Art stops the viewer in his/her own tracks, Brown explained. It creates a moment of mental quiet; it grips him or her in the immediacy of color, line and composition. “If it can be sustained, this mode of physical consciousness gathers in the fragmented viewer, usually pulled apart by the demands of their attention, back into their body and mind,” Brown added.
Brown’s project presumes that this restorative quality is to be found in the abstract, non-representational nature of all art. Aesthetic qualities that calm rather than fuel the churning of ideas are found, hiding in plain sight, within representational pictures.
“I intend to identify and explore ways of painting to create a second register of experience, that of a direct physical response to formal qualities. A cultivation of this faculty connects viewer to self-knowledge and ultimately grounds them in a reality lost in the chatter of discourse,” Brown stated in her application.
Now in its seventh year, the Marion Fellowship was created through the Fredonia College Foundation by June Miller-Spann, director of Development at Fredonia, for Fredonia alumna Cathy Marion and her husband, Jesse, to support artistic journeys that lead to new opportunities for collaborative artistic excellence that are affiliated with Marion Fellowship Circle member institutions. The grant provides up to $18,000. Fredonia faculty are eligible to apply for the fellowship.
“Jesse and I are very excited to watch Teresa Brown's creative journey unfold as she begins to make and connect art with diverse communities,” Ms. Marion said. “We are intrigued with Teresa's ability to develop individual heightened visual experiences through learned exercises. Her depth and breadth of outreach from juvenile detention centers to art museums, and La Napoule Art Foundation in the South of France, validates the need and desire for art in our society.”
There are two components to Brown’s project: creation of a body of work (paintings) which embody ideas of restoration, meditation and peace; and creation of art-making experiences, exercises and opportunities which allow for every participant to experience contemplation, restoration, meditation and peace.
Project research and development, the first phase of Brown’s artistic journey, was scheduled at Chautauqua Institution during Week 7 of its 2019 season. “Grace: A Celebration of Extraordinary Gifts” is the theme of the week of Aug. 3 to 10. A residency devoted to project creation is planned in the fall at Ucross Foundation, a ranch in northeastern Wyoming that accommodates artists, writers and composers. The development and experimental phase will take place at the Alberta College of Art and Design, Alberta, Canada, in the spring of 2020.
At the conclusion of each artistic journey, the Marion fellow travels to the Fredonia campus to make a public presentation and participate in individualized learning through master classes and classroom discussions with students and faculty. Brown’s campus visit, which will also include a public art-making workshop, will be held in the fall of 2020.

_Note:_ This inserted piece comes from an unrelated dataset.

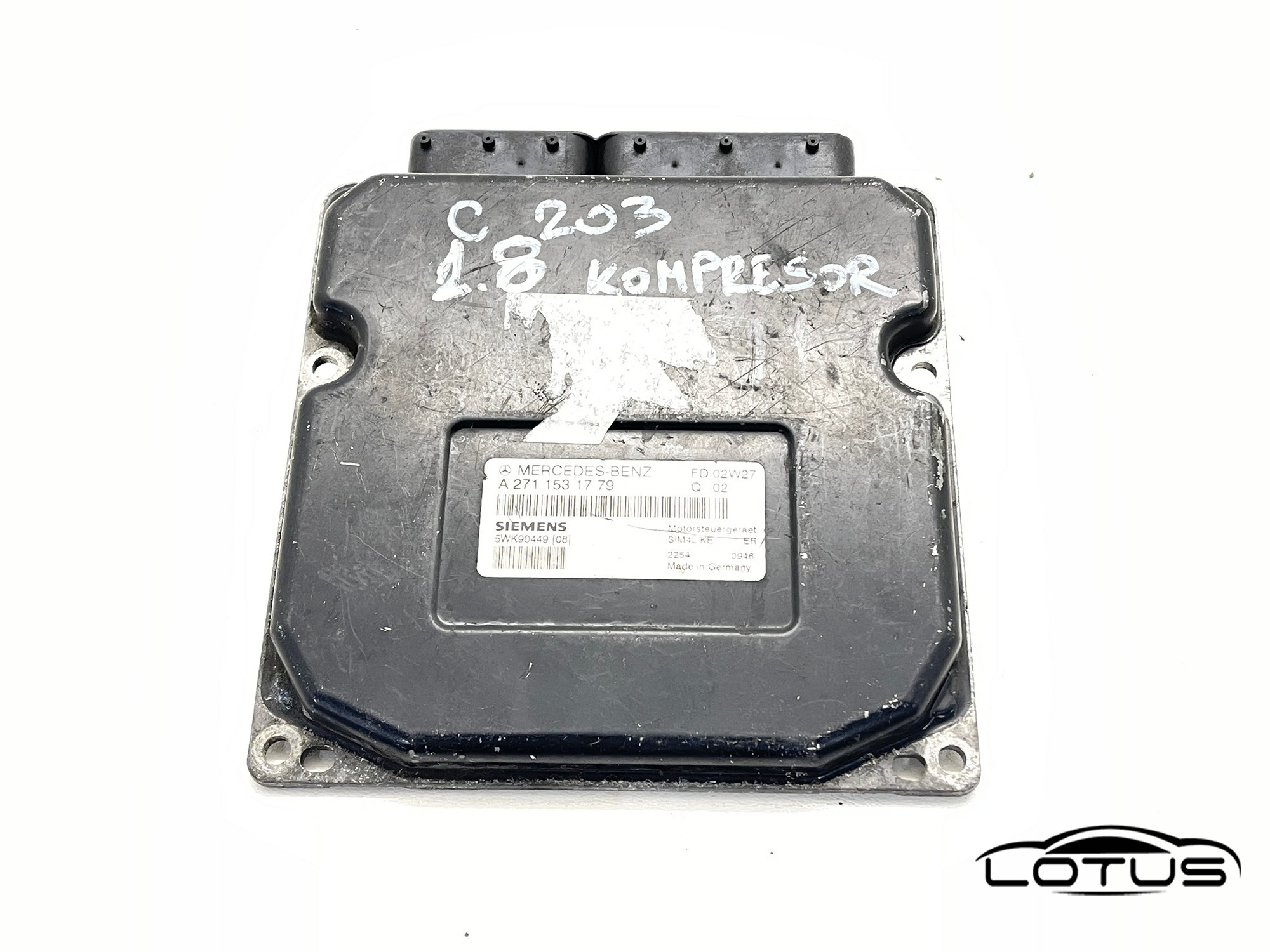 Kompjuter motora ECU Mercedes C180 W203 A2711531779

“I am so pleased the Marions are supporting this kind of explorative artistic journey, and will very much enjoy following and facilitating Teresa’s progress and process creating beautiful art and bringing it to be experienced by diverse communities,” said Fredonia School of Music Associate Professor Sarah Hamilton, who is administering the Marion Fellowship.
Brown is the artist program coordinator of the Aspen Art Museum. She also teaches at the Pitkin County Jail and serves on the summer faculty of the Anderson Ranch Arts Center, all in Colorado, and also on the summer faculty at La Napoule Art Foundation in France.

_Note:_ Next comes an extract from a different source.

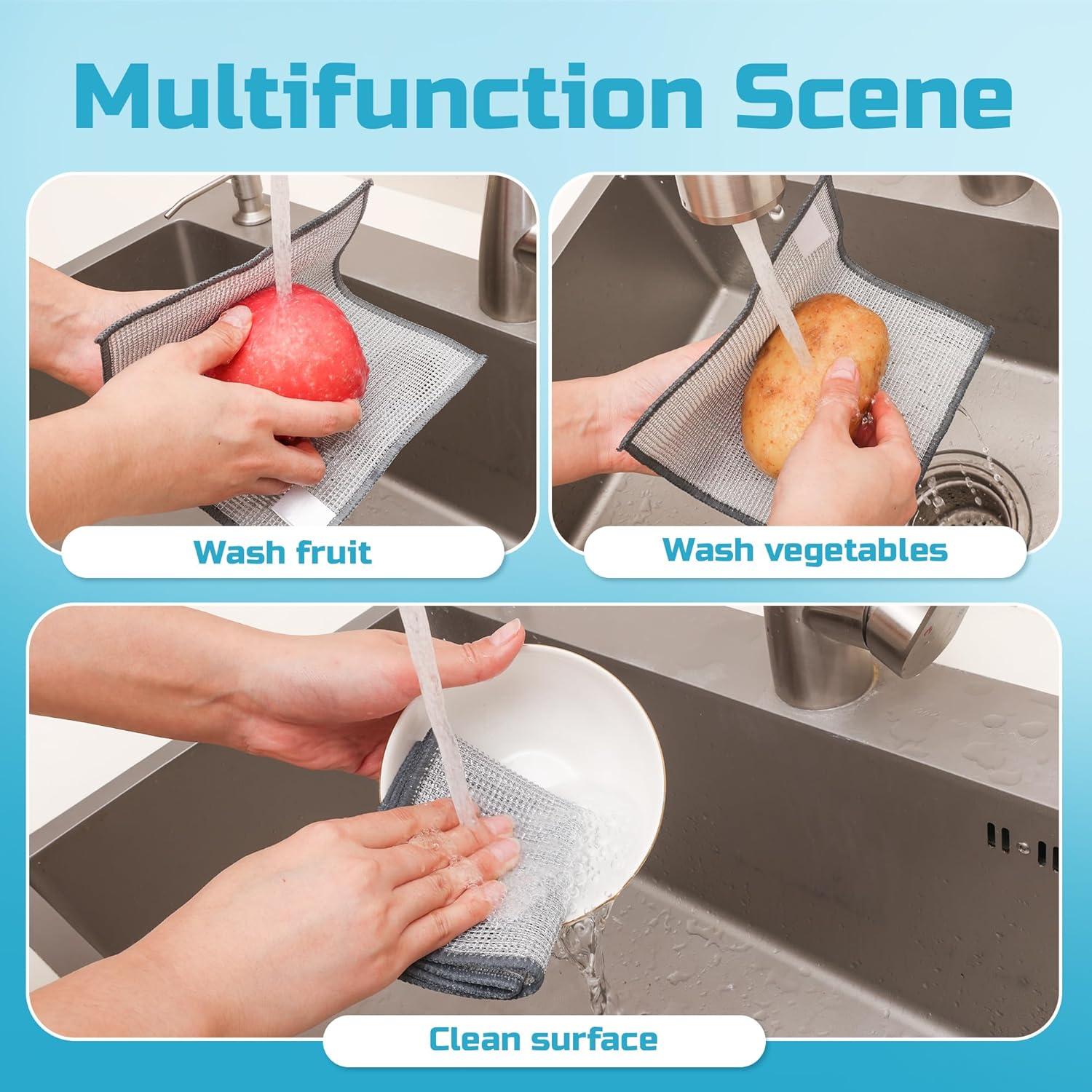 Paño de Limpieza Forggon 10 Pcs 3 Capas Sin Rayones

Collage materials that Brown uses come from a wide range of sources, including fashion magazines, discarded teaching materials and obsolete textbooks. Her work is distinguished by strong color, abstracted imagery and architectural geometry.
Brown studied at Reed College, the Museum Art School and Bennington College, and has been awarded residencies at the Skowhegan School of Painting and Sculpture, Anderson Ranch Arts Center, Ucross Foundation, the American Academy in Rome and the Campo Artist Colony in Uruguay.